* **Given material**
--------
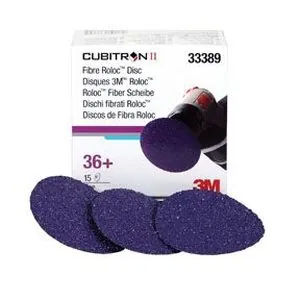 3 Cubitron II Fibre Roloc 36+ Grade Disc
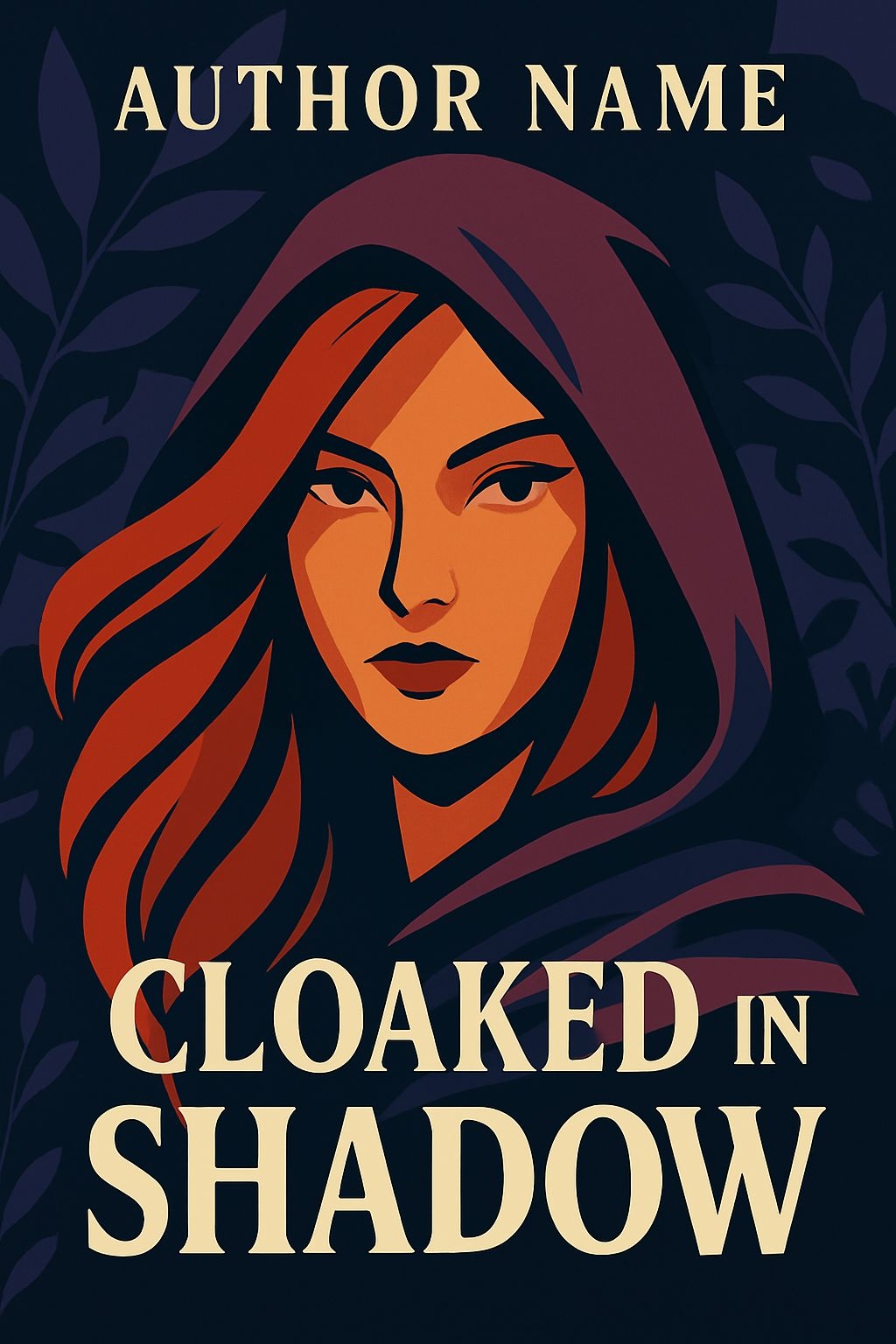 Bold and Mysterious Character Portrait EBook Cover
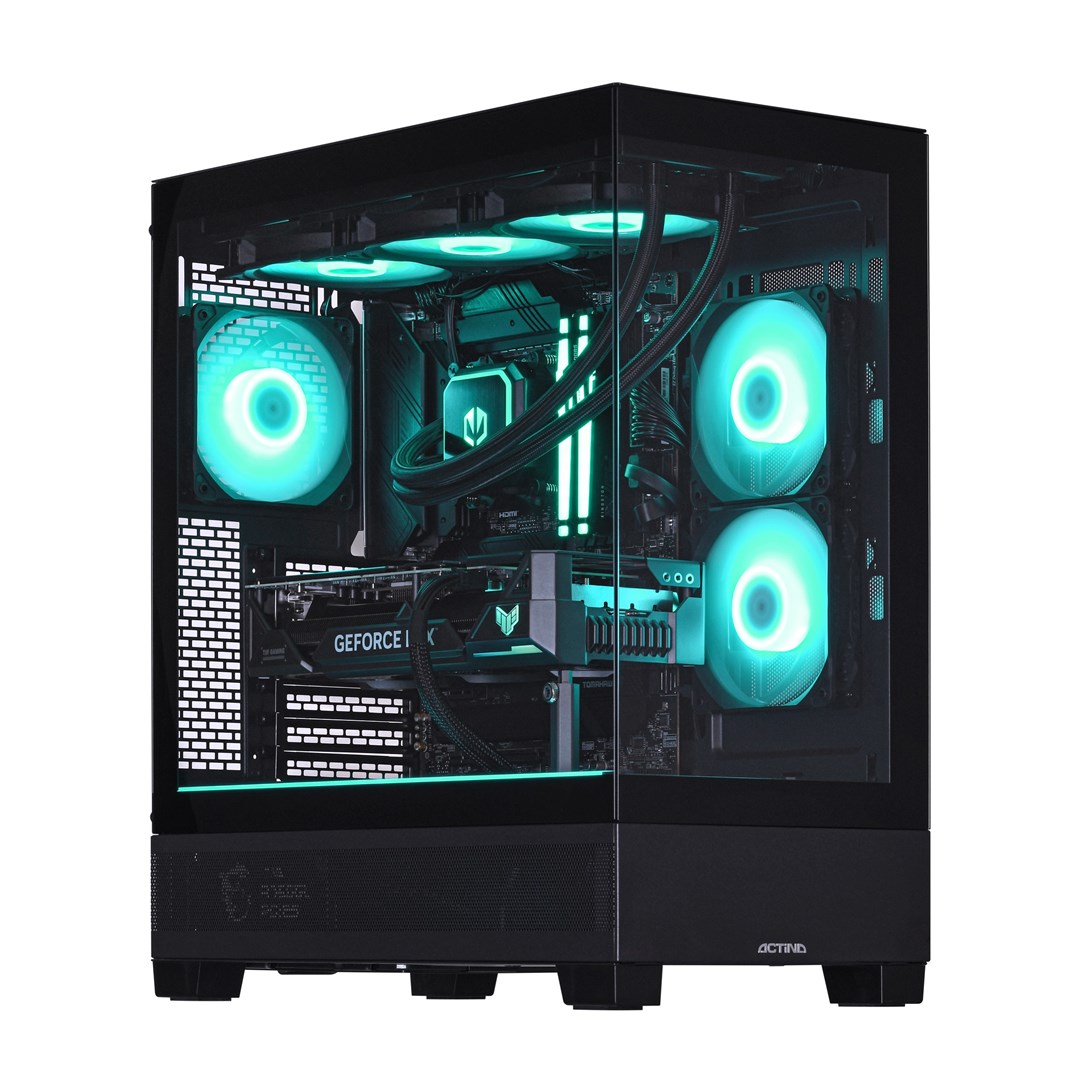 Actina 5901443416661 PC AMD Ryzen™ 9 9900X3D 192 GB DDR5-SDRAM 4 TB SSD NVIDIA GeForce RTX 5090 Windows 11 Home Midi Tower Black Actina 5901443416661 PC AMD Ryzen™ 9 9900X3D 192 GB DDR5-SDRAM 4 TB SSD NVIDIA GeForce RTX 5090 Windows 11 Home Midi Tower Black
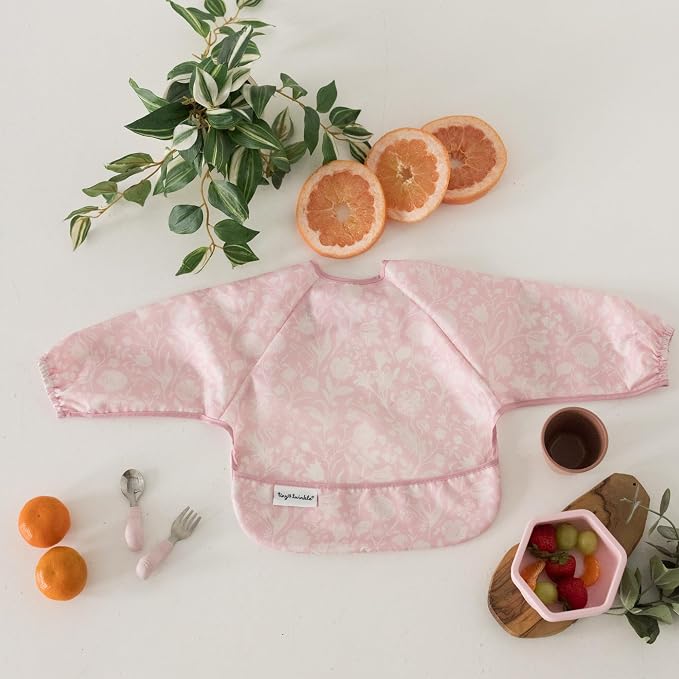 Tiny Twinkle Long Sleeve Bib for Babies & Toddlers – 2 Pack Waterproof Smock - Image 9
--------
* **Problem description**
Pictures are to be dropped, and the remaining data set down exactly.

* **Exercise response**
 3 Cubitron II Fibre Roloc 36+ Grade Disc
 Bold and Mysterious Character Portrait EBook Cover
 Actina 5901443416661 PC AMD Ryzen™ 9 9900X3D 192 GB DDR5-SDRAM 4 TB SSD NVIDIA GeForce RTX 5090 Windows 11 Home Midi Tower Black Actina 5901443416661 PC AMD Ryzen™ 9 9900X3D 192 GB DDR5-SDRAM 4 TB SSD NVIDIA GeForce RTX 5090 Windows 11 Home Midi Tower Black
 Tiny Twinkle Long Sleeve Bib for Babies & Toddlers – 2 Pack Waterproof Smock - Image 9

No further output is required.